[Given data]
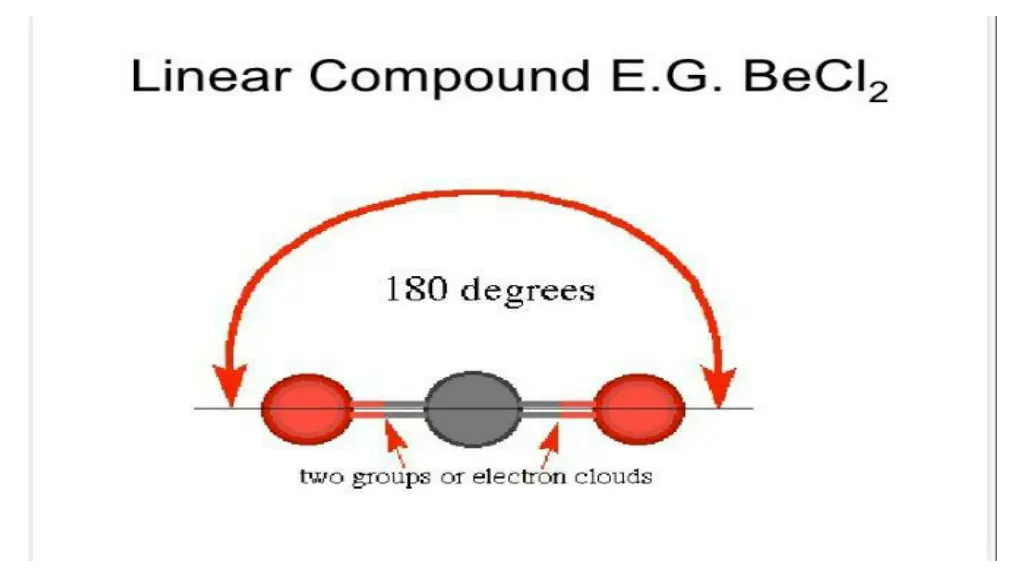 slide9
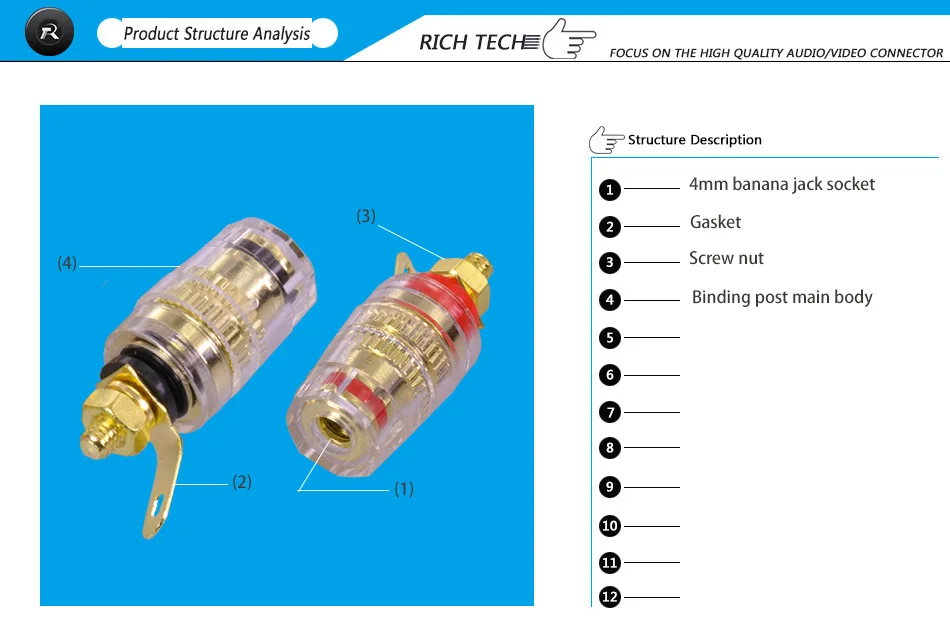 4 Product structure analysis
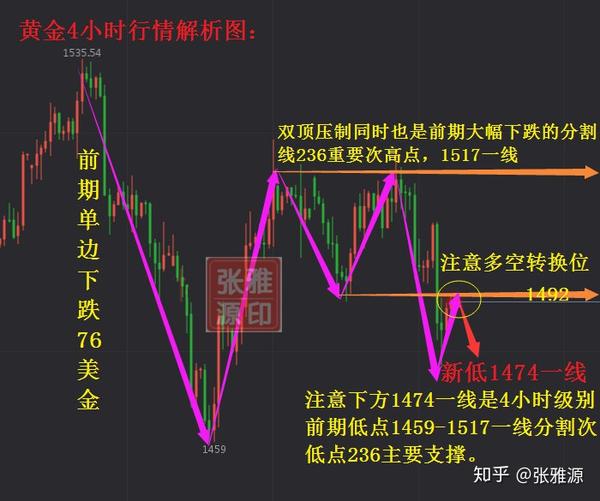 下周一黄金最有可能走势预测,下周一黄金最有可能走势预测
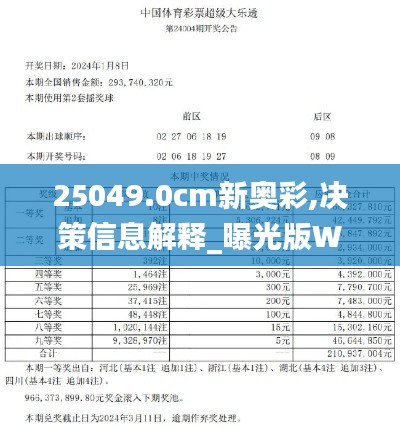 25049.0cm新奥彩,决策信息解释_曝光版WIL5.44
[/Given data]
[Given data]
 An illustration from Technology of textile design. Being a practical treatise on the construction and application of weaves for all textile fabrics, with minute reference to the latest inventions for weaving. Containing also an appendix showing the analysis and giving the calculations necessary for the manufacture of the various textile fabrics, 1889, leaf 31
[/Given data]
[Given data]
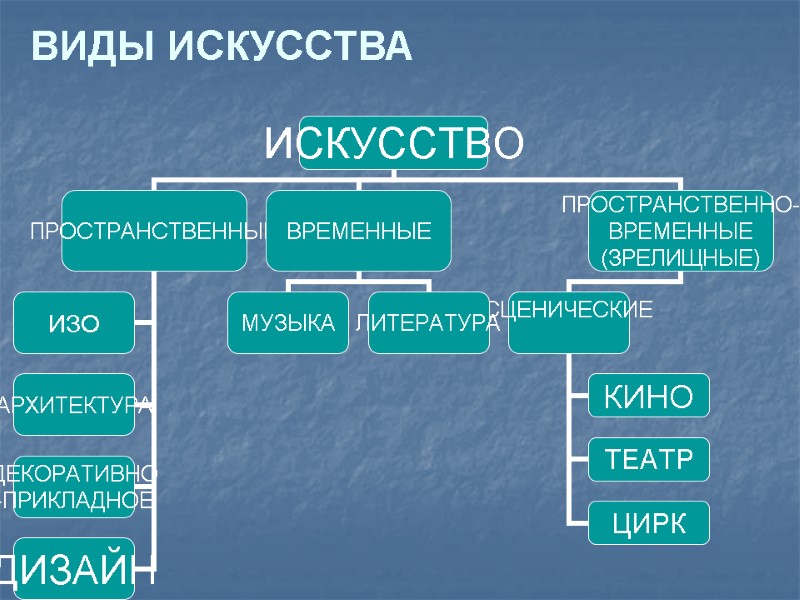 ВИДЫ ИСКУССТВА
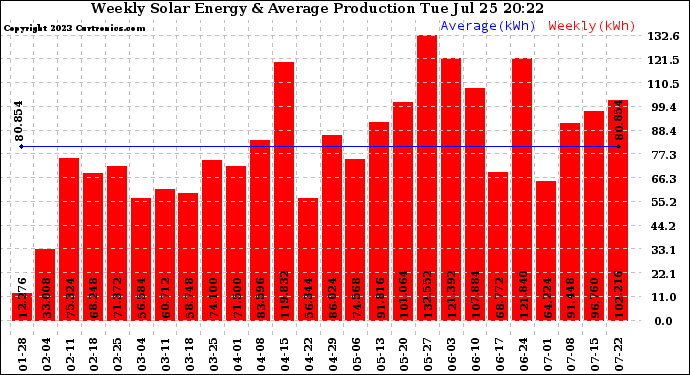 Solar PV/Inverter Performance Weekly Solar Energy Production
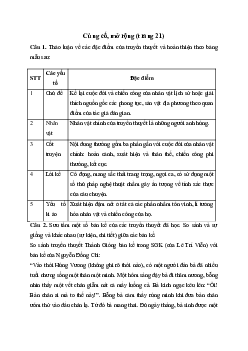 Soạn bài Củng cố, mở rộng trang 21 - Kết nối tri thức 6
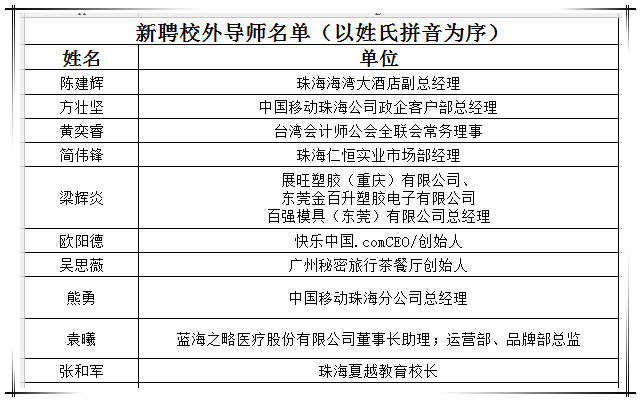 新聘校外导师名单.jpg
[/Given data]
# Exercise goal
Take the entries above and copy exactly the lines starting at the one with "Soạn bài Củng" and ending at the one with "新聘校外导师名单.jpg"; nothing outside that span, and no pictures.

# Task answer
 Soạn bài Củng cố, mở rộng trang 21 - Kết nối tri thức 6
 新聘校外导师名单.jpg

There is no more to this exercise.